In Spain, suffering the industrialised world's highest jobless rate of 24.4 percent in the first quarter of 2012, the major unions called protests in about 80 cities.
Tens of thousands massed in central Madrid's Neptuno square, decrying the jobless queue, new labour reforms that make it easier and cheaper to fire workers, and a budget squeeze in health care and education.
"Total Violence, You Are Robbing Us of Home and Bread!" read a banner brandished by 51-year-old Josefa Martinez Fernandez, who said her two daughters in their 20s were out of work.
"They are going to destroy more jobs with the labour reform and create rubbish jobs," complained 28-year-old graphic designer Sonia Calles.
"Already in Spain almost everyone is an intern up to the age of 30. And now employment insecurity is going to hit those in their 30s and 40s."
Thousands rallied in Athens, Thessaloniki and other cities around Greece, five days ahead of cliffhanger general elections with voters fed up with years of austerity.
"No-one Alone, Together We Will Get There!" read a banner draped on a stage in Athens' central Kotzia square.
Polls indicate that Greeks are fleeing the main parties for smaller groups in revenge over a European Union-IMF economic recovery plan that has brought repeated waves of pay and pension cuts.
The two parties that have ruled Greece for the past 37 years, socialist Pasok and conservative New Democracy, are blamed for catastrophic finances after decades of state overspending and nepotism.
The new Greek government will face an early test when 436 million euros ($575 million) of debt, held by private creditors who turned down a swap, matures on May 15.
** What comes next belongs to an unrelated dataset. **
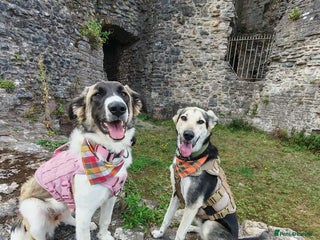 Mixed Breed dogs FLOSSIE - Advert 4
In Paris, the French presidential election race overcast the day as three powerful political movements battled for attention with competing rallies five days before polling day.
Marine Le Pen's anti-immigrant far-right National Front kicked off the May Day events with several thousand supporters marching through central Paris in memory of Joan of Arc, who has become a far-right icon.
Le Pen, who scored a record 18 percent in the April 22 first round, led the march and urged supporters to abstain rather than back President Nicolas Sarkozy or Socialist Francois Hollande in the run-off.
Waving a sea of blue, white and red French flags, Le Pen's supporters chanted "France for the French!" and "This Is Our Home!" as they marched to the Place de l'Opera.
Sarkozy's right-wing supporters were to gather at the Place du Trocadero in Paris's posh 16th arrondissement to hear their champion give his last major speech in the capital before the vote.
And, on the left, trade unions were to carry out their traditional march to the historic Place de la Bastille.
With the latest poll predicting a Hollande win on Sunday by 53 to 47 percent, Sarkozy is anxious to gain some momentum from the rally and said he expected "tens of thousands of French" to take part.
In contrast to Western European rallies, more than 100,000 people held a Soviet-style march through Moscow to celebrate labour day and show support for president-elect Vladimir Putin ahead of his inauguration.
Accompanied by kitsch brass music and surrounded by multi-coloured balloons, Putin and outgoing President Dmitry Medvedev led the march through a central Moscow avenue.
Police said around 120,000 people took part in the "Holiday of Labour and Spring" march in Moscow.